Das gibt drei Punkte.
Mehr nicht? Zwei Dosen. Ich denke, sechs wären angemessen.
Er reichte ihr die Dose, und zu meiner großen Überraschung bediente sie sich. Er zog einen zweiten Hocker ran und setzte sich neben mich.
In zwanzig Minuten hast du keine Sonne mehr in den Augen.
Sie stand stocksteif im Gegenlicht. Sie war. Ich konnte ihr Gesicht nicht erkennen. Ich konnte fühlen, wie ihr Blick mich durchbohrte.
Kann sie auch reden?
Ups. Minus drei. Zurück auf null. Da willst du sein. Das ist mein Eindruck.
Ich reise gern ohne viel Gepäck.
Er nickte kaum mehrlich.
Das war gut. Die Prise. Ist schon eine Weile her. Ist mir doch scheißegal, wie du reist. Meinetwegen kannst du deinen kompletten Hausstand mit durch die Gegend schleppen. Er schaute sich um. Könnten wir gebrauchen.
Wenn ich jetzt irgendwas sage, kriege ich Minuspunkte, richtig?
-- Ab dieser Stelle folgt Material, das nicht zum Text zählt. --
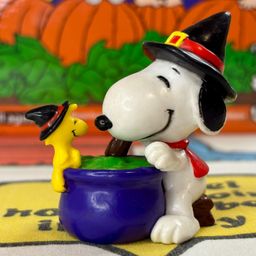 Witch Snoopy & Woodstock PVC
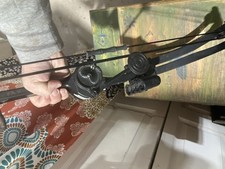 Bear Cruzer Lite Left Handed Youth Bow 12-27 Length 5-45 Lb Weight Bare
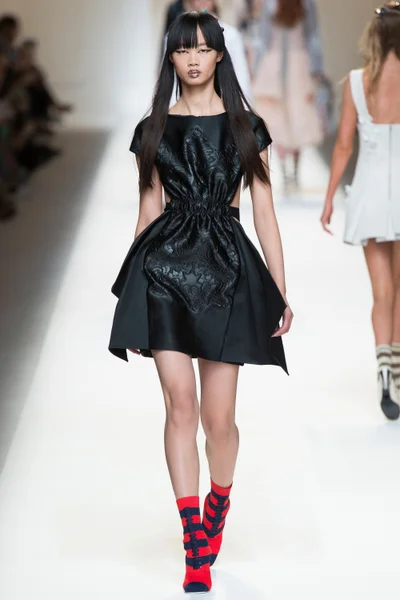 Look 30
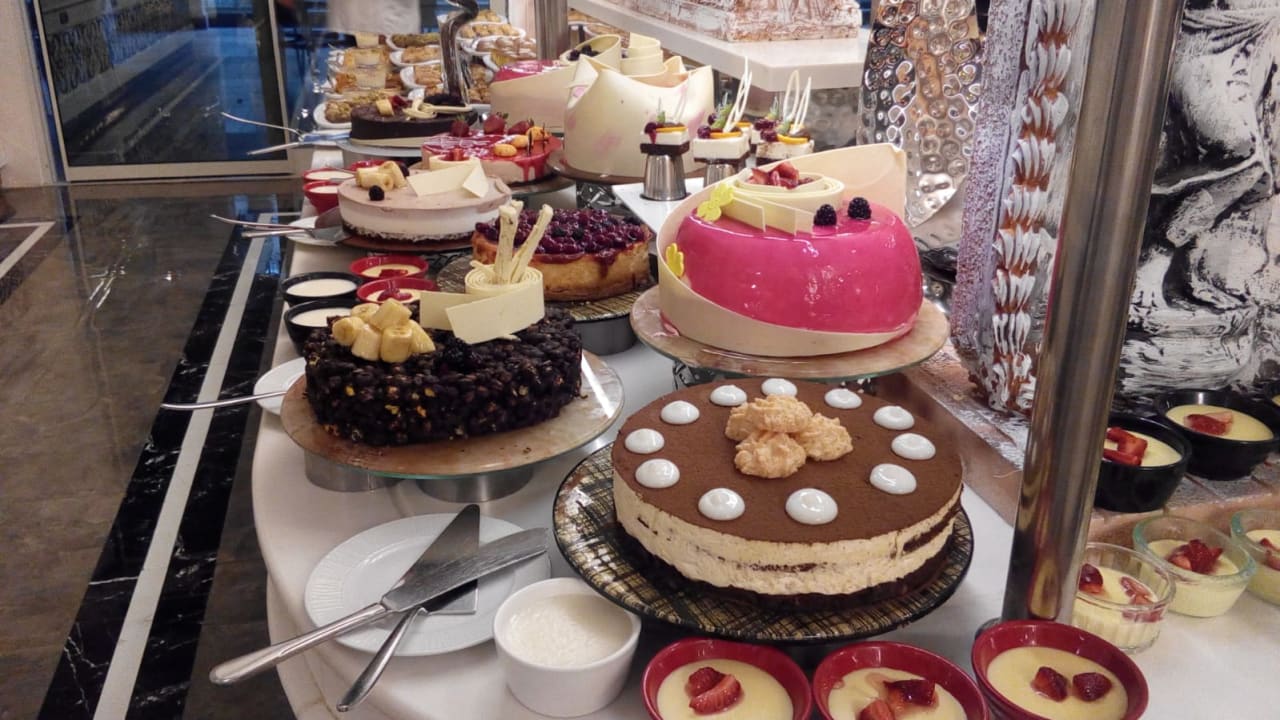 Gastro Side Royal Palace Hotel & Spa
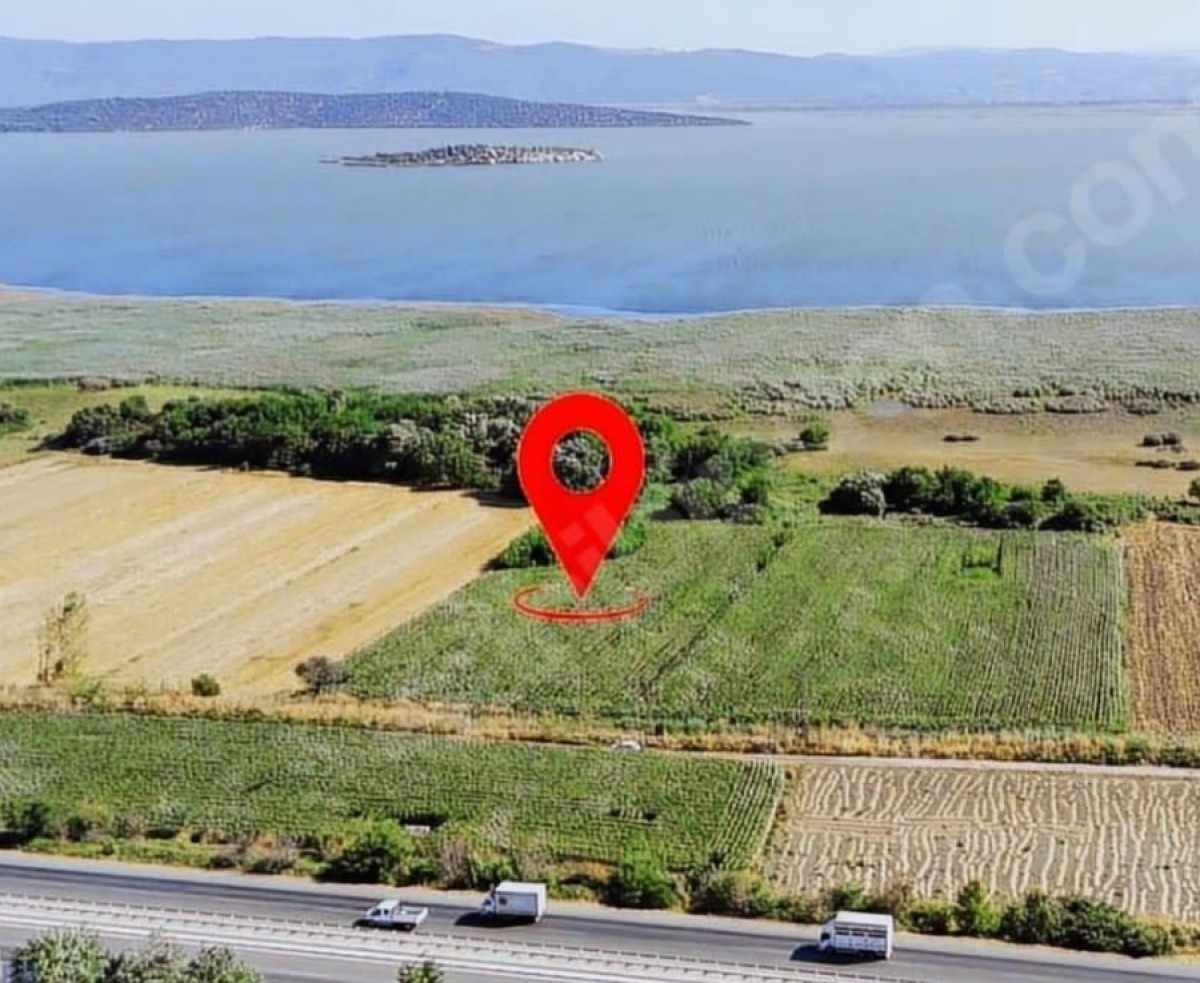 Karacabey Yenikaraağaç'ta Satılık UYGUN Fiyatlı Arazi ~ 6.450.m²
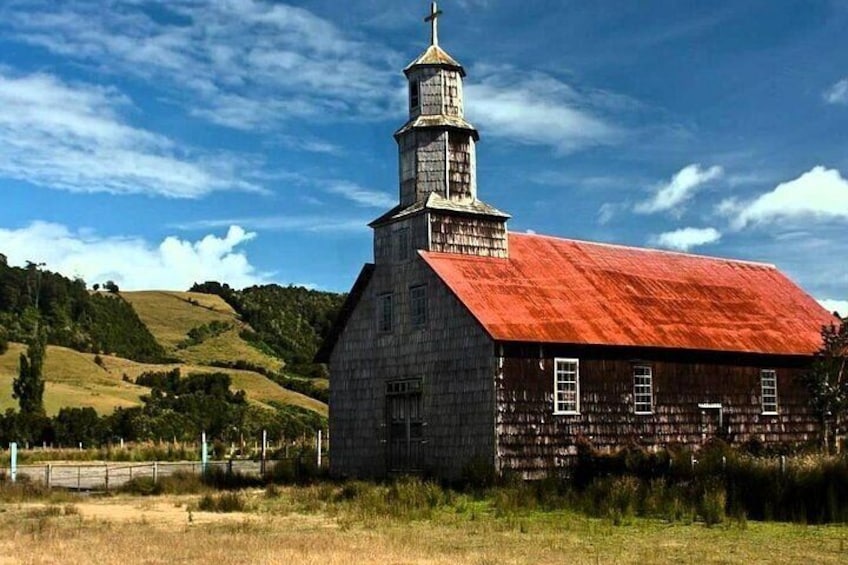 Chiloe, Castro and Dalcahue from Puerto Montt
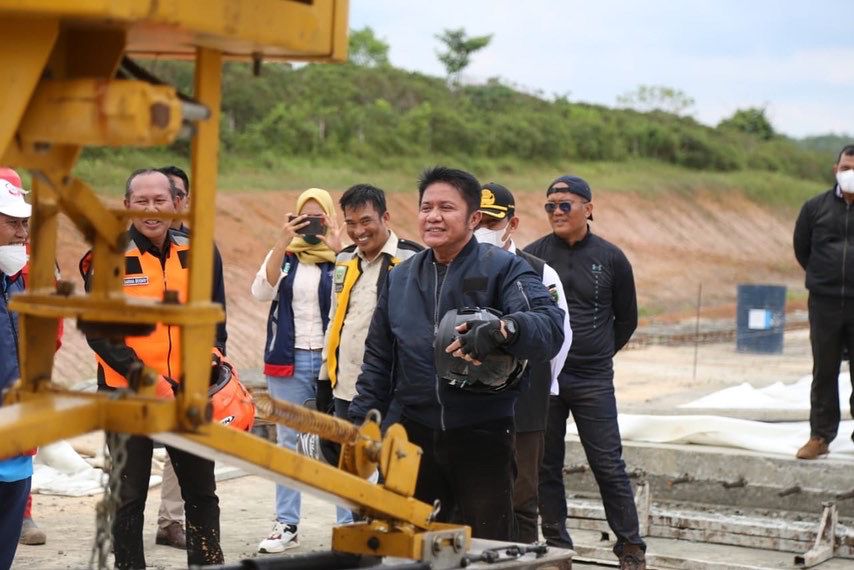 Kendarai Sepeda Motor, Herman Deru Cek Langsung Progres Jalan Tol Kapal -Betung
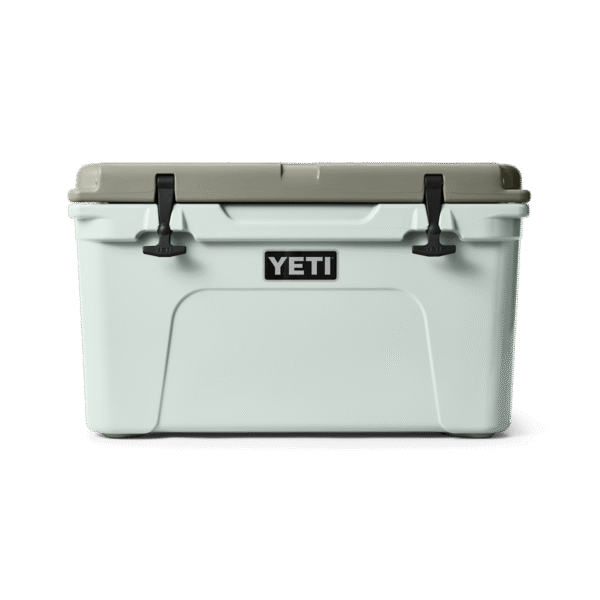 YETI Tundra® 45 Hard Cooler Site Studio Hard Cooler Tundra 45 Ridgeline front 3352 Layers F B 2400x2400 yeticoolershop.com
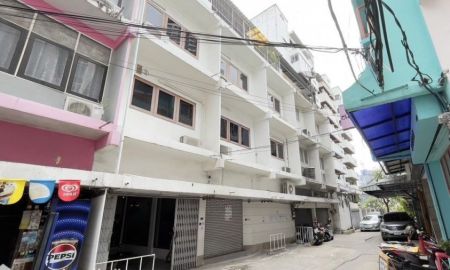 ขายบ้าน - ขายบ้านตึกแถว4ชั้น 3คูหา ซอยสุขุมวิท30 พื้นที่ 31.2 ตรว. ขาย 55 ล้านบาท ทำเลใจกลางเมือง ตกแต่งภายในใช้วัสดุเกรดA ห่างจากสุขุมวิทเพียงแค่80เมตรเท่านั้น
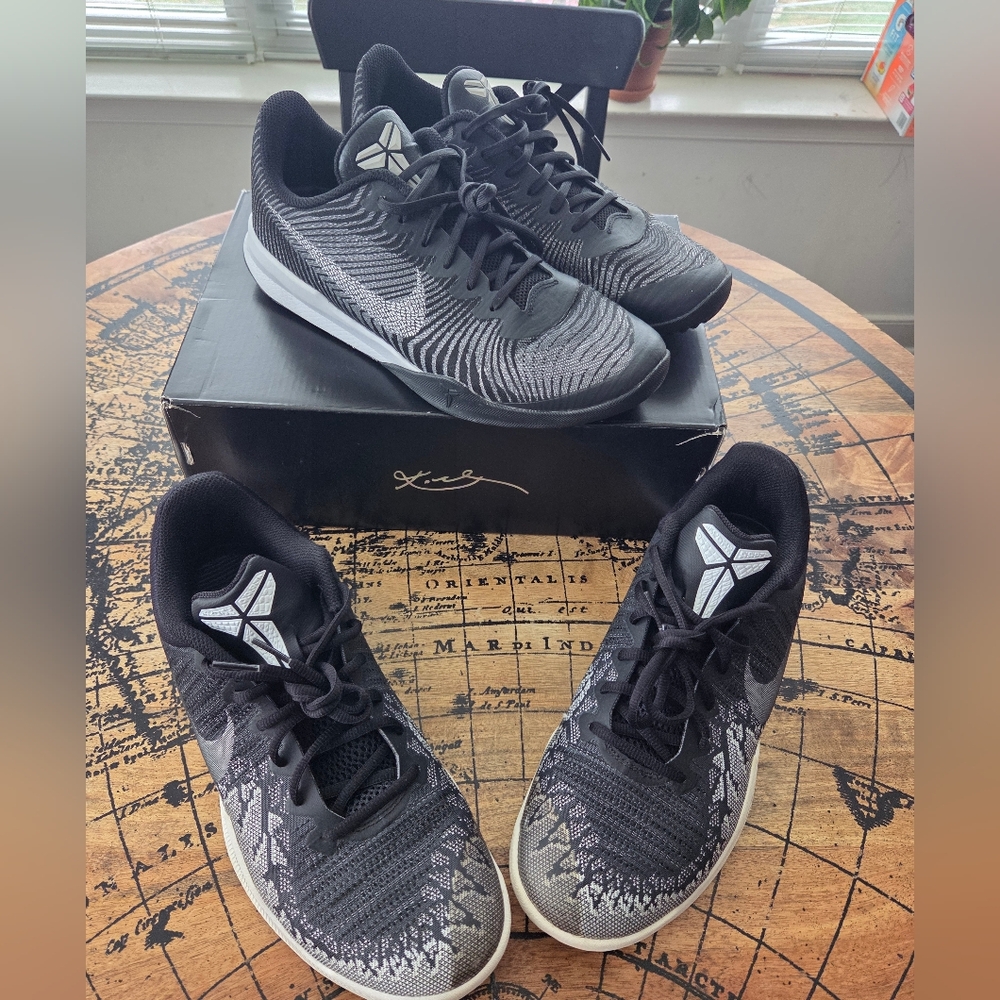 Kobe Size 10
Wenn ich unaufgefordert was sage?
Er nickt. Minus eins.
Und dann verliere ich meine ganzen Bonusmeilen, oder was?
Minus zwei. Bei minus zehn erschieße ich dich. Keine Begnadigung. Auf der Stelle. Erwähne sie noch ein einziges Mal, und ich zieh dir fünf ab. Jetzt bist du vorgewarnt. Eine Lüge macht zehn Minuspunkte, und du stirbst sofort. Scheiß dir in die Hose, und du stirbst sofort. Pinkeln kannst du, wie du willst.
Auf einmal machte mir die ganze Sache keinen Spaß mehr. Ich hörte das Wimmern des Wasserfalls, rhythmisch wie eine Stammestrommel, ich hörte eins der Schafe blöken, und genau so fühlte ich mich auch. Traurig und irgendwie traumatisiert.
Ich sah ihn an.
Weißt du was?
Sagte ich.
Weißt du was? Leck mich. Schieb dir deine Punkte in den Arsch. Ich bin in friedlicher Absicht hergekommen und du hast zweimal versucht, mich umzubringen. Ich bin hergekommen, weil ich etwas gesucht habe, ich weiß auch nicht was. Ich weiß auch nicht was, hast du das kapiert? Aber ganz sicher nicht den Tod. Davon hatten wir am Flughafen selbst genug. Genug Tod.
Ich saß fest an den Stuhl gefesselt, und während ich ihn ansah, liefen mir die Tränen übers Gesicht, brannten in den Schnittwunden auf meiner linken Wange.
Vor einer Woche ist mein Hund gestorben. Jasper. Ich brauche dich und deinen Mist nicht. Ich habe nichts mehr. Na los doch, zieh mir zwanzig Scheißpunkte ab und erschieß mich. Ich wär verdammt froh. Na los doch.
Ich konnte das Salz meiner Tränen schmecken.
Lass ihn, Dad, sagte sie. Es reicht. Mach ihn los.
Ihre Stimme klang heiser. Ich blinzelte sie an, genau gegen die Sonne. Spürte seine geschickten Finger, die das Seil lösten.
*
Ich ging zu einer Pappel am Flussufer und pinkelte dagegen. Mir doch egal. Ich war nicht prüde. Das Blubbern und Fließen des Wassers überdeckte mein Schluchzen. Im dunklen Schatten war es kühl.